Top of Supplied records

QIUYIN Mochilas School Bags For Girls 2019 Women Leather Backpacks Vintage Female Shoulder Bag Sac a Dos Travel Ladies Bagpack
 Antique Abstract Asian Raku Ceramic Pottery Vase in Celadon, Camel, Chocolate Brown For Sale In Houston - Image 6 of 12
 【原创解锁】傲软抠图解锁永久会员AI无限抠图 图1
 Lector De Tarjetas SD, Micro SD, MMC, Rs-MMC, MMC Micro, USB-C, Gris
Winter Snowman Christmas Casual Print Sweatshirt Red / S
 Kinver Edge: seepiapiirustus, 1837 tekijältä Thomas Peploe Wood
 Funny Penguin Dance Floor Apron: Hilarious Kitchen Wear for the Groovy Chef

Bottom of Supplied records

Instructions to follow: When you answer, retype all of the material exactly as it appears above.

Task response:
QIUYIN Mochilas School Bags For Girls 2019 Women Leather Backpacks Vintage Female Shoulder Bag Sac a Dos Travel Ladies Bagpack
 Antique Abstract Asian Raku Ceramic Pottery Vase in Celadon, Camel, Chocolate Brown For Sale In Houston - Image 6 of 12
 【原创解锁】傲软抠图解锁永久会员AI无限抠图 图1
 Lector De Tarjetas SD, Micro SD, MMC, Rs-MMC, MMC Micro, USB-C, Gris
Winter Snowman Christmas Casual Print Sweatshirt Red / S
 Kinver Edge: seepiapiirustus, 1837 tekijältä Thomas Peploe Wood
 Funny Penguin Dance Floor Apron: Hilarious Kitchen Wear for the Groovy Chef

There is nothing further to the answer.